Temporal Sampling for Forgotten Reasoning in LLMs
Abstract
AbstractFine-tuning large language models (LLMs) is intended to improve their reasoning capabilities, yet we uncover a counterintuitive effect: models often forget how to solve problems they previously answered correctly during training. We term this phenomenon Temporal Forgetting and show that it is widespread across model sizes, fine-tuning methods (both Reinforcement Learning and Supervised Fine-Tuning), and multiple reasoning benchmarks. Our analysis reveals on average more than 20% of final errors were once solved correctly at an earlier checkpoint.
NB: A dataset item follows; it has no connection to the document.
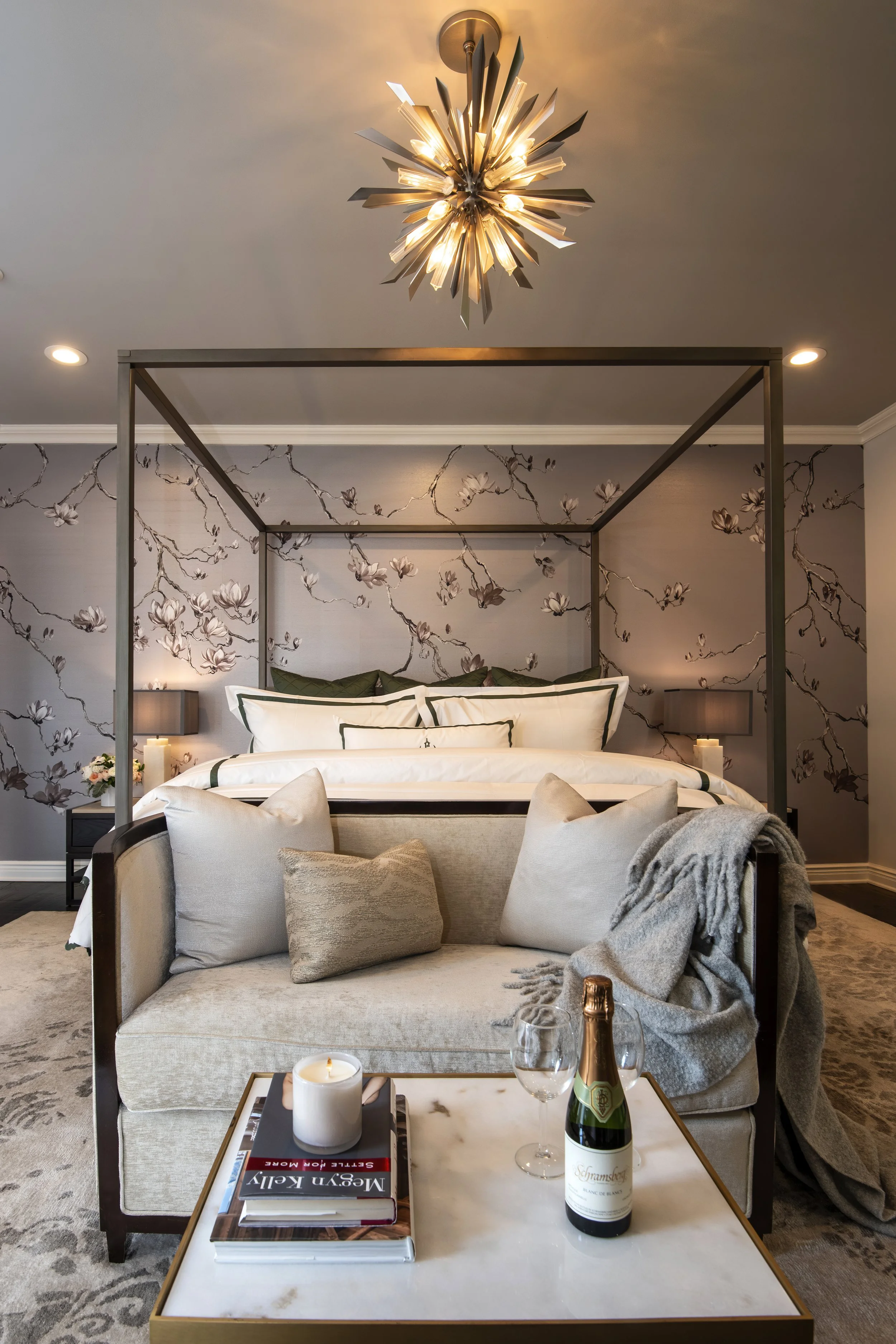 05_Private Res_NJ_Bedroom_Bed_Wallpaper.jpg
Inspired by the phenomenon of Temporal Forgetting, we proposed Temporal Sampling, a simple decoding strategy that draws outputs from multiple checkpoints along the training trajectory. This approach recovers forgotten solutions and leads to significant improvements in reasoning performance than final-ckpt-sampling only, gains from 4 to 19 points in Pass@k and consistent gains for majority-voting and Best-of-N across several benchmarks. Temporal sampling also outperforms strong baselines such as model merging. By leveraging the temporal diversity inherent in training, Temporal Sampling offers a practical, compute-efficient way to surface hidden reasoning ability and rethink how we evaluate LLMs.